From: Burdett, David <david.burdett@commerceone.com>
Date: Mon, 16 Dec 2002 10:53:41 -0800
To: "'Ricky Ho'" <riho@cisco.com>, "Burdett, David" <david.burdett@commerceone.com>, www-ws-arch@w3.org
Message-ID: <C1E0143CD365A445A4417083BF6F42CC053D153A@C1plenaexm07.commerceone.com>

Ricky
 
<Ricky> 
This is what our disagreement is.  I think the sender should report to the
application that delivery is "in-doubt".  (not "failed")
</Ricky>
 
Not always. You actually have two use cases:
1. The message **cannot** be sent, e.g. because the outbound network
connection is down. In this the message delivery failed because it could not
even be sent
2. The message was sent but no acknowledgement message was received - this
is, as you say "in-doubt", although the probability of success, in this
case, should be low.
 
<Ricky>
I used to call this "Reliable 1-to-M messaging with atomicity". ...
...
</Ricky>
 
I agree, but I think this is something that should be layered on top.
 
David


-----Original Message-----
From: Ricky Ho [mailto:riho@cisco.com]
Sent: Saturday, December 14, 2002 4:36 PM
To: Burdett, David; www-ws-arch@w3.org
Subject: RE: Different Levels of Reliable Messaging


Response embedded in <Ricky/>




<DB2>I thinkj the expiration time is important for RM, and here's why. 

All RM is based waiting for an ack and repeatedly resending the original
message if you don't get one. The problem is when do you stop resending and
give up. At some point you have to stop but when.

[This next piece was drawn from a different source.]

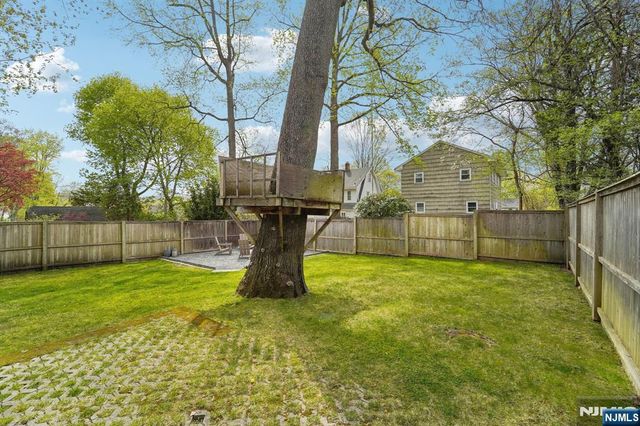 120 Gordon Avenue, Tenafly, NJ 07670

There are two ways of
doing this.

1. Stop after a fixed number of retries (which is what ebXML MS does), or 
2. Stop only after the message can no longer validly be processed. 

The problem with the first approach is that if you say stop sending after 3
retries (i.e. 4 sends of the message in total), then it is still quite
possible that, if the destination system was down, and then came back up it
could pick up the message and process it - this is quite normal behavior.
You could then get into the situation where:

1. The sender sent the message be gave up resending after, say 20 minutes as
no reply was received, then 
2. The sender reports to the application that deliver failed 


<Ricky> 
This is what our disagreement is.  I think the sender should report to the
application that delivery is "in-doubt".  (not "failed")
</Ricky>



3. The destination restarts, finds the message, sends the ack and starts
processing it. 
4. The sender receives the ack and has to tell the application that the
message for which it had just reported a delivery failure had actually been
received and was processed - not a desirable outcome

Alternatively by specifying a time out and basing the retries on that you
know, with a high degree of certainty, that even if the message is picked
up, it won't be processed and therefore you are much less likely to have to
report the a delivery failure and then have to reverse it.


<Ricky>
Lets say the message has been picked up before time expired, and the
receiver site is down before the ACK message is sent.
Now even though the sender keep resending message until time expired, he
still cannot conclude the delivery failure
</Ricky>



<DB2>What you describe in this example is a Business Process. It is NOT, in
my opinion, reliable messaging as you make the return of one ack dependent
on the receipt of two other acks. The bottom line is that you can only do
transaction processing if you KNOW that complete rollback of the state at
the sender and receiver is possible. Sometimes it is, and sometimes it isn't
which is why you have to determine how you do the recovery at the
application level.</DB2>


<Ricky>
I used to call this "Reliable 1-to-M messaging with atomicity".  If
successful, multiple destination will get the message.  If failed, none of
the destination will get the message, and the sender will be reported with
failure.

This has nothing to do with the receiving application.  The receiving
application doesn't need to rollback (it actually haven't process the
message).  The rollback concept is at the RM level.
</Ricky>




By the way, you have raised some very good points David ! 

Best regards, 
Ricky

Received on Monday, 16 December 2002 13:53:29 UTC